### DESCRIPTION OF THE TASK
Could you copy exactly the lines below, beginning at the line with "Teddy Velvet Sofa" and stopping after the line with "58mm 82A Marawa", with no pictures?

### DATA SUPPLIED
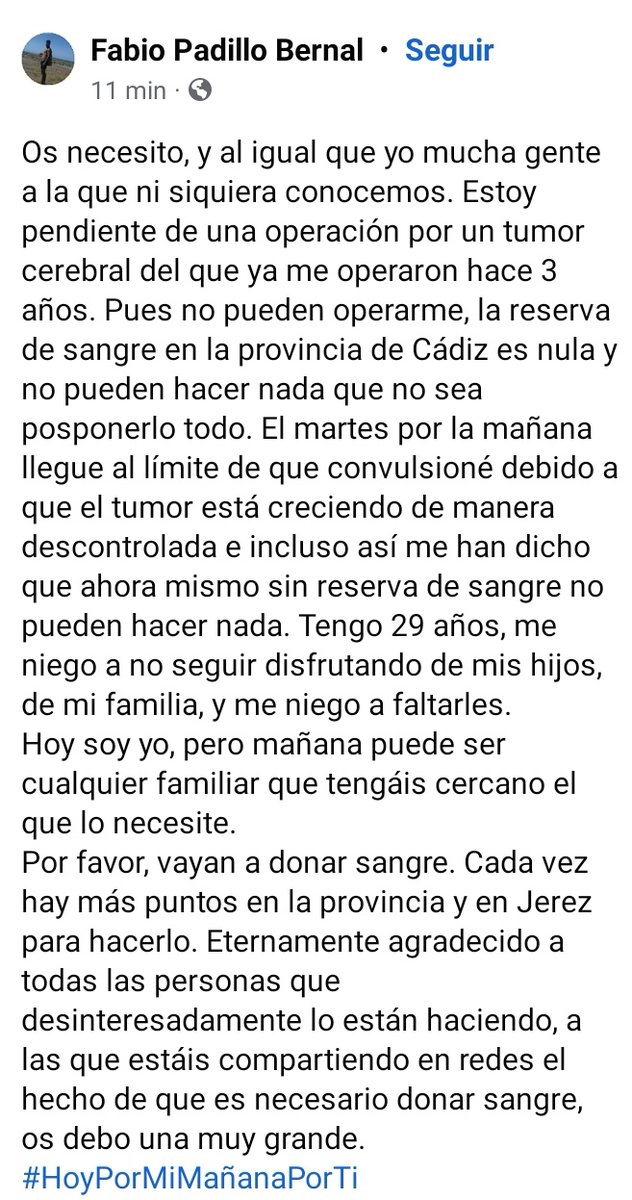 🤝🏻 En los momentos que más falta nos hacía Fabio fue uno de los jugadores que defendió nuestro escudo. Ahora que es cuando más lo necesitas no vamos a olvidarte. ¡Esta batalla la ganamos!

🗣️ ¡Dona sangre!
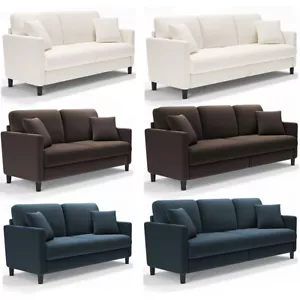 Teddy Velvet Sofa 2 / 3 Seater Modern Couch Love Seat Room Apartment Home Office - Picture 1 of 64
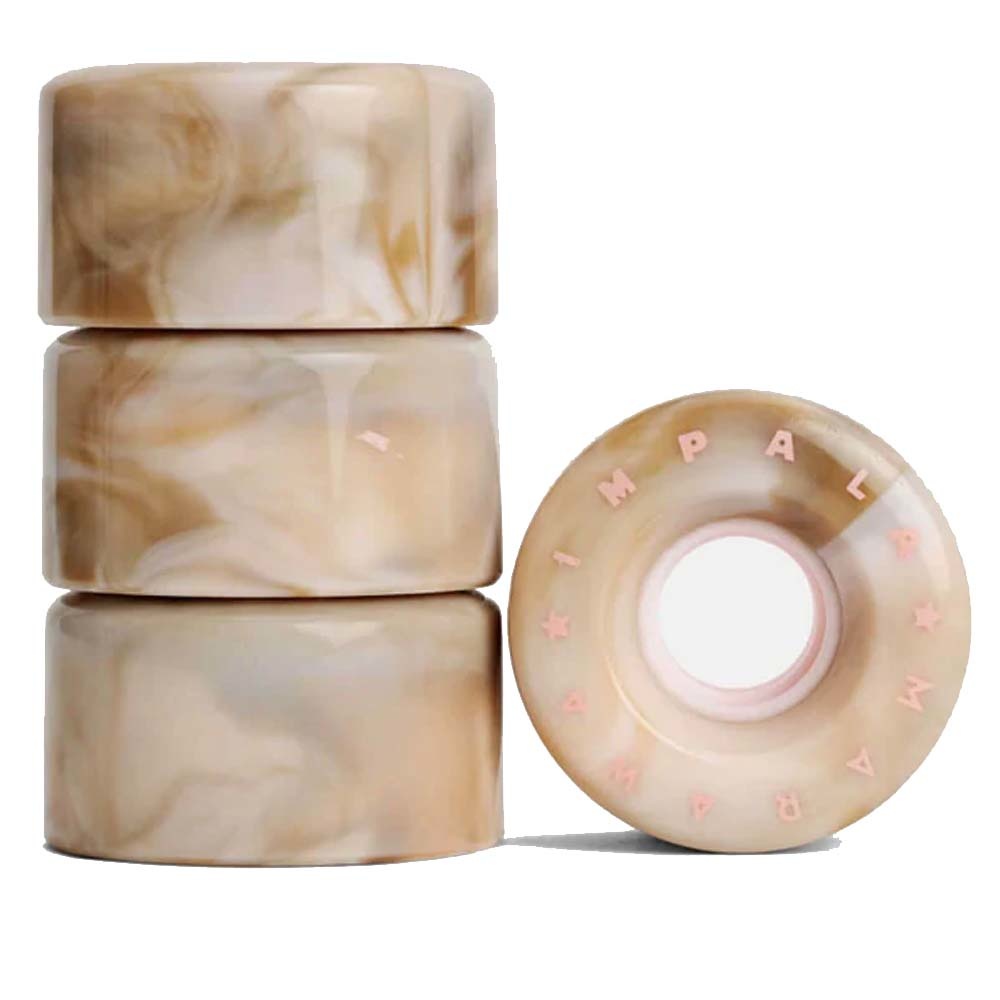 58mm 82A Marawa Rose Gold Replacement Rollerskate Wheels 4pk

---

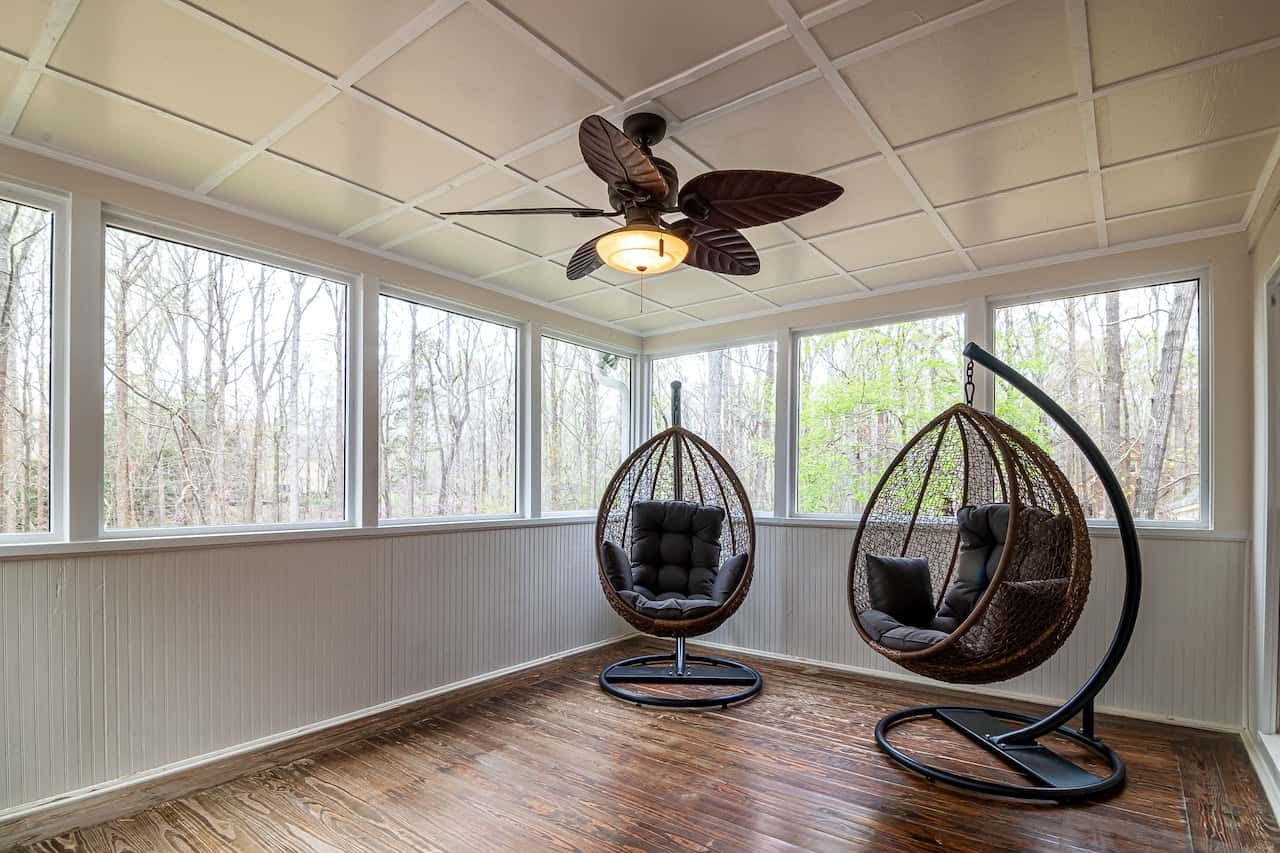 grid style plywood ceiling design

### WRITTEN RESPONSE
 Teddy Velvet Sofa 2 / 3 Seater Modern Couch Love Seat Room Apartment Home Office - Picture 1 of 64
 58mm 82A Marawa Rose Gold Replacement Rollerskate Wheels 4pk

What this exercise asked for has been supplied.